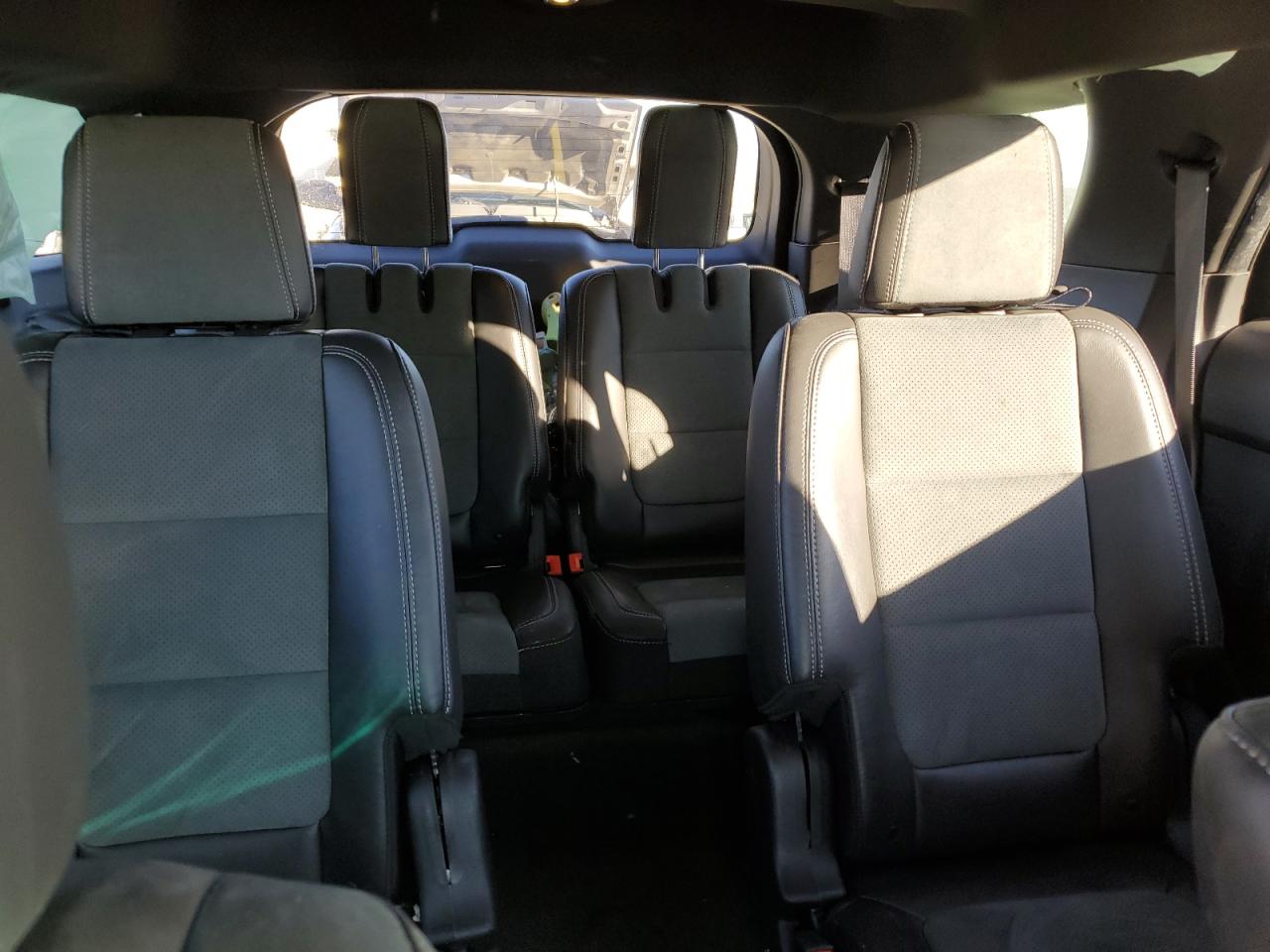 2015 Ford Explorer - Image 10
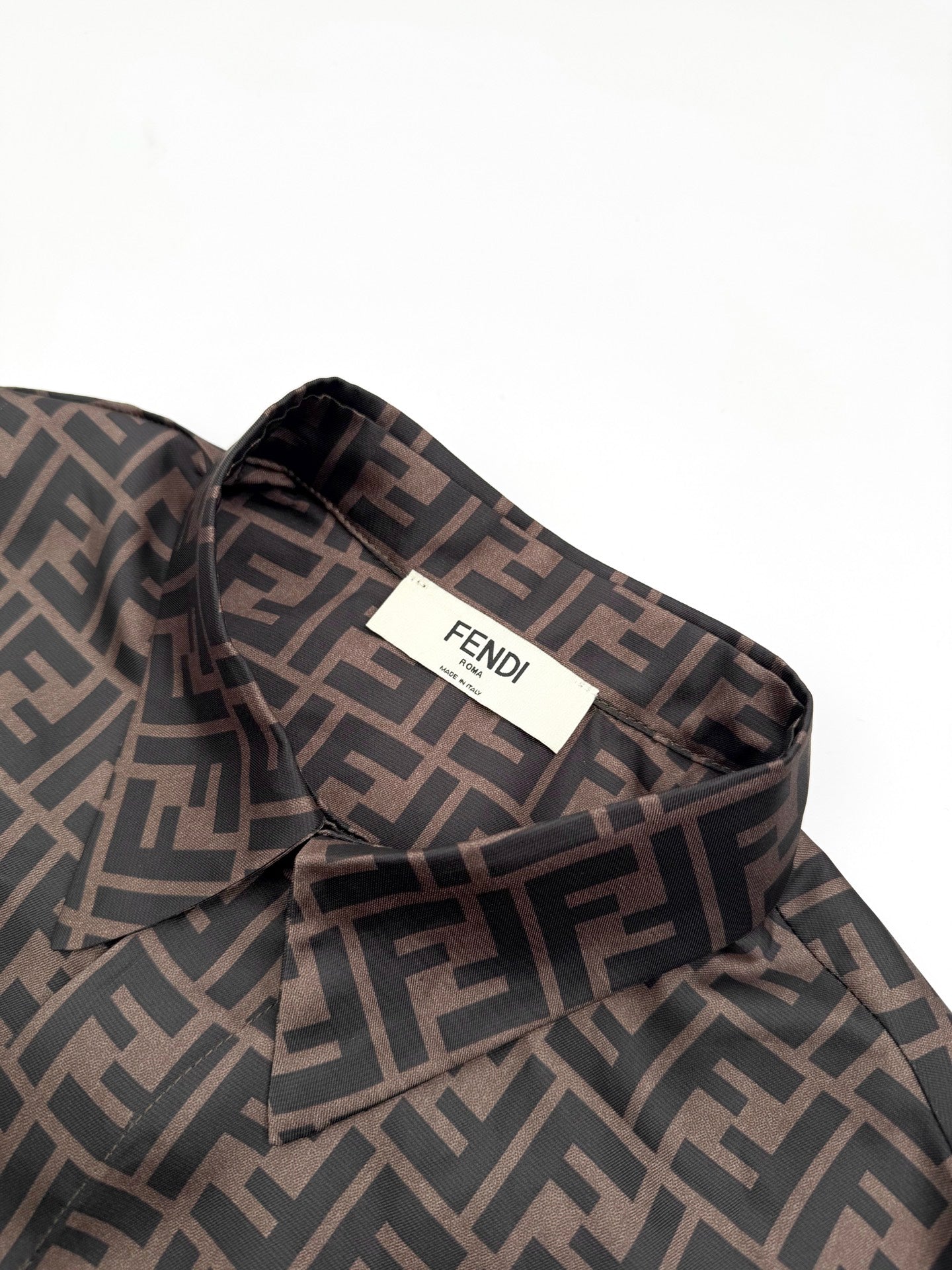 FENDI - FENDITシャツ 2026 Women's FF Full-Print Shirt (DD152) – JAY Clothing Supply
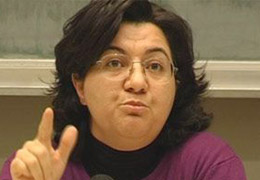 Emine yine jurnalled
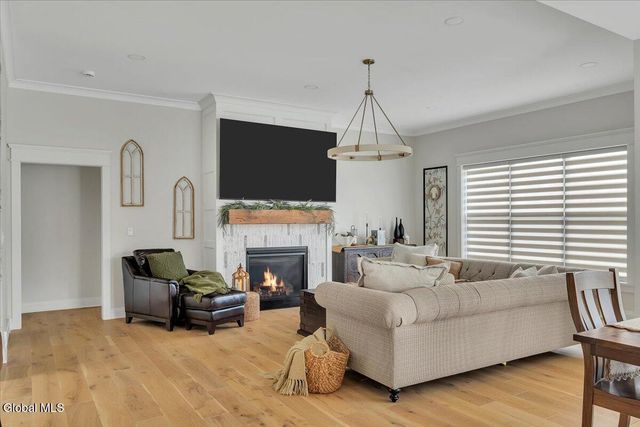 6 Essie Lane, North Greenbush, NY 12180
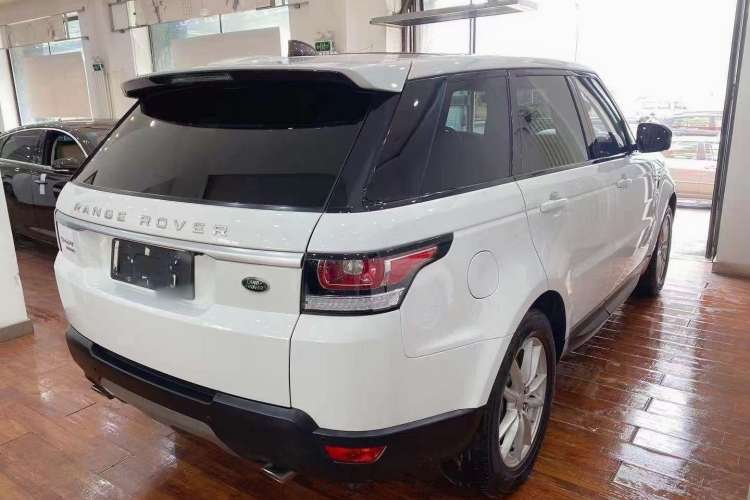 Used Land Rover Range Sport 2017 3.0 SC V6 SE Exterior 5
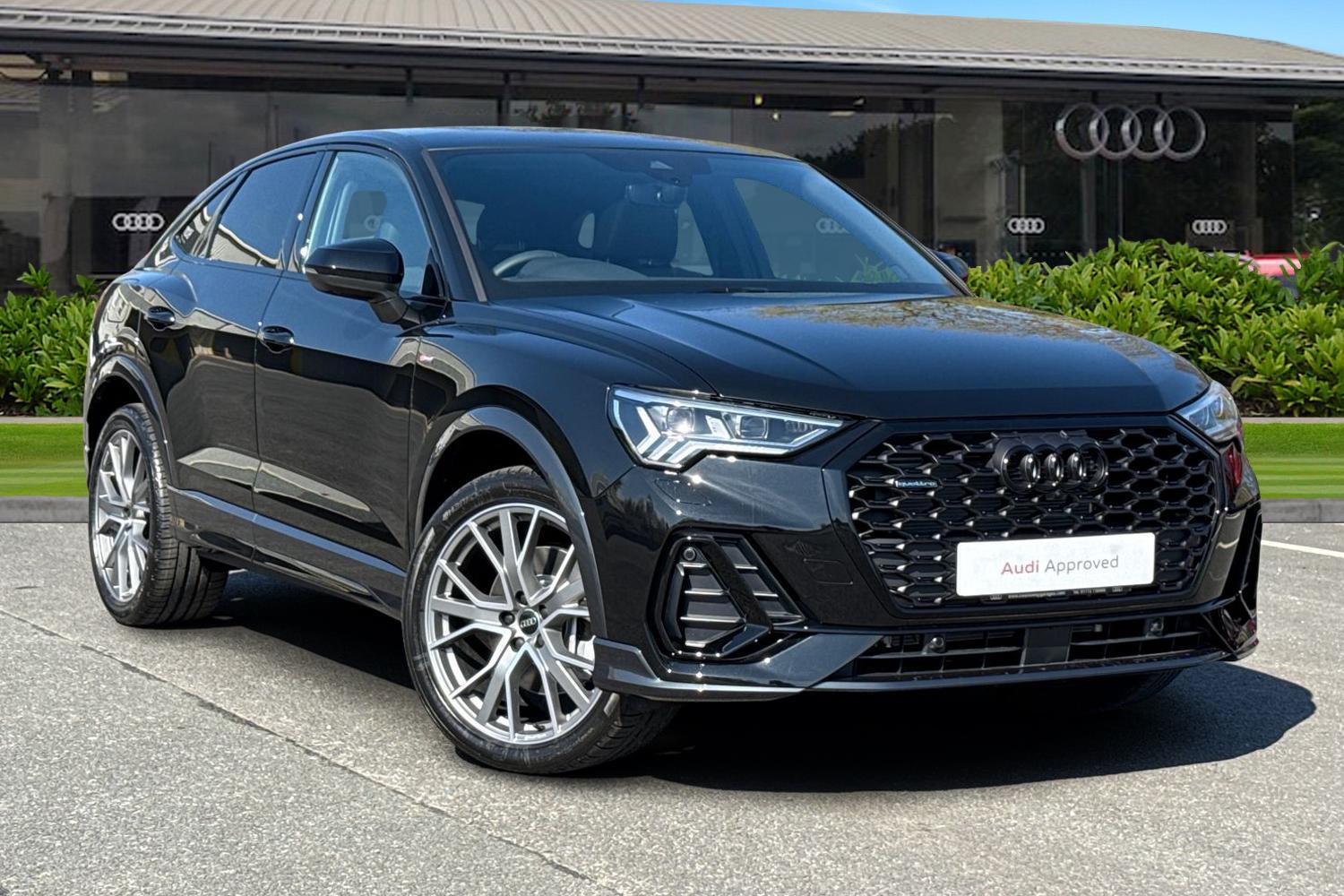 Main listing image - Audi Q3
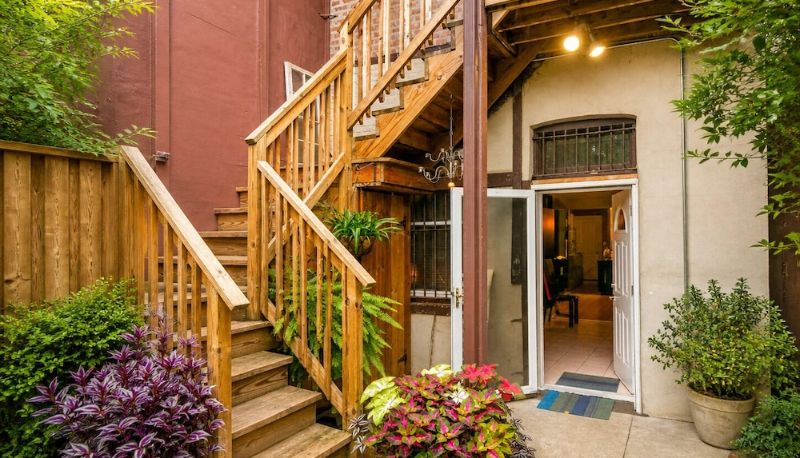 Jardin - House 5863 - Chicago Bed and Breakfast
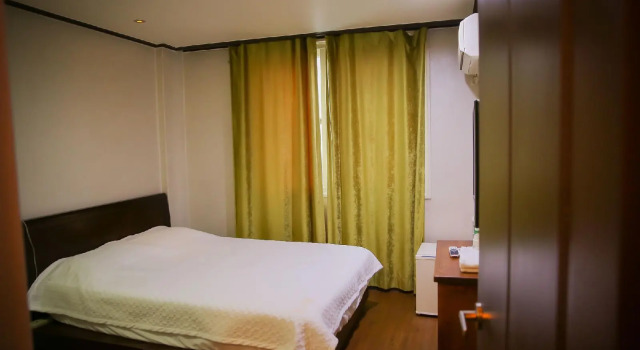 Milgam Central Hotel, Забронировать Отель Jeju City Чеджу, рядом с Развлекательный центр Playbox VR jeju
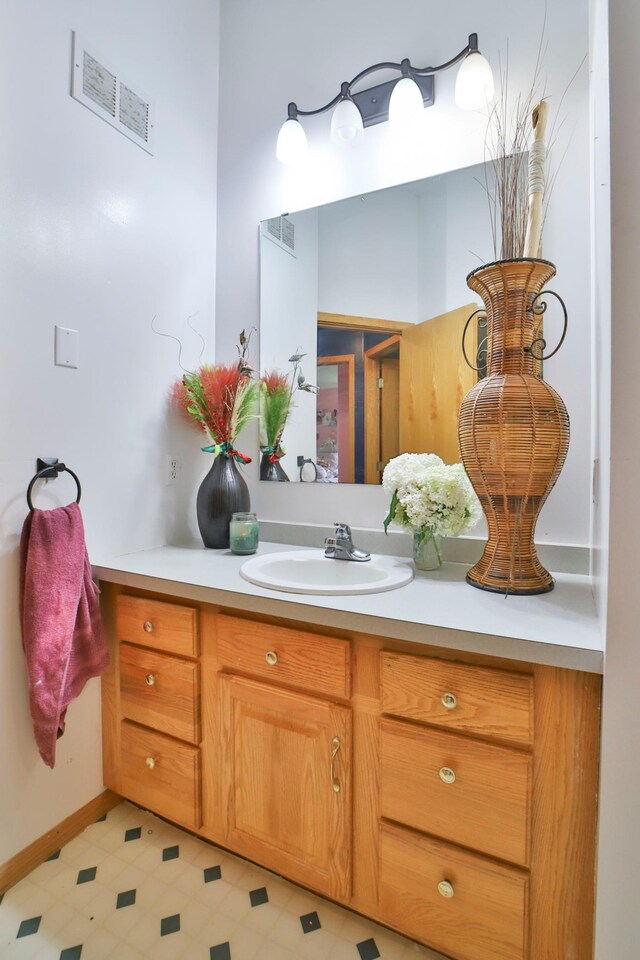 bathroom with vanity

......

### [Assigned task]
An acceptable answer consists of the lines above from the one holding "FENDI - FENDITシャツ" to the end of the data, repeated exactly and containing no pictures.

### [Solved exercise]
 FENDI - FENDITシャツ 2026 Women's FF Full-Print Shirt (DD152) – JAY Clothing Supply
 Emine yine jurnalled
 6 Essie Lane, North Greenbush, NY 12180
 Used Land Rover Range Sport 2017 3.0 SC V6 SE Exterior 5
 Main listing image - Audi Q3
 Jardin - House 5863 - Chicago Bed and Breakfast
 Milgam Central Hotel, Забронировать Отель Jeju City Чеджу, рядом с Развлекательный центр Playbox VR jeju
 bathroom with vanity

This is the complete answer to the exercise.